— DATA RECORDS —
== == ==
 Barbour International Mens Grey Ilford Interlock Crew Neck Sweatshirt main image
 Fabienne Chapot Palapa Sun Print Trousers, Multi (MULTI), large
== == ==
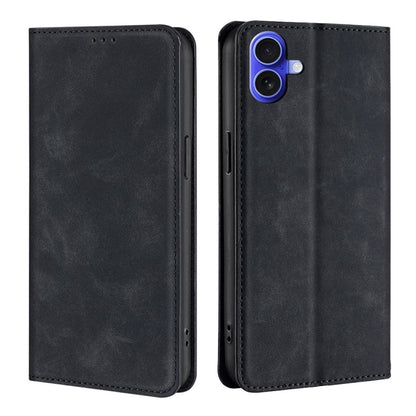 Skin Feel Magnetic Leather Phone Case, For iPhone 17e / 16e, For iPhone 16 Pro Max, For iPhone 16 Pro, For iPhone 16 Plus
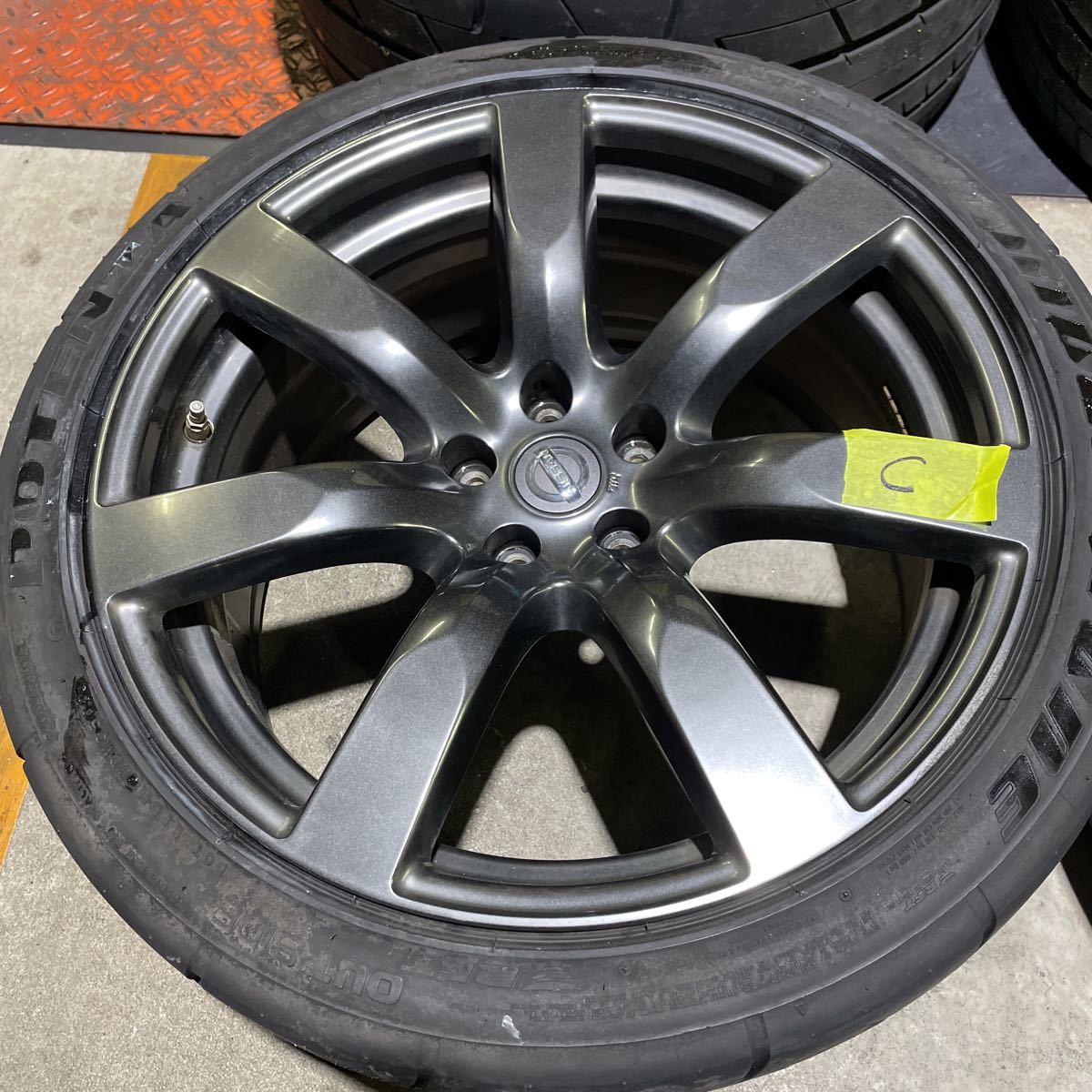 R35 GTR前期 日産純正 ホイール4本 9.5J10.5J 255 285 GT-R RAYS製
== == ==
— EXERCISE PROMPT —
What is needed is an exact copy of the lines above from the one with "Skin Feel Magnetic" to the one with "R35 GTR前期 日産純正", both ends kept, and nothing more; please leave the pictures out.

— SOLVED PROBLEM —
 Skin Feel Magnetic Leather Phone Case, For iPhone 17e / 16e, For iPhone 16 Pro Max, For iPhone 16 Pro, For iPhone 16 Plus
 R35 GTR前期 日産純正 ホイール4本 9.5J10.5J 255 285 GT-R RAYS製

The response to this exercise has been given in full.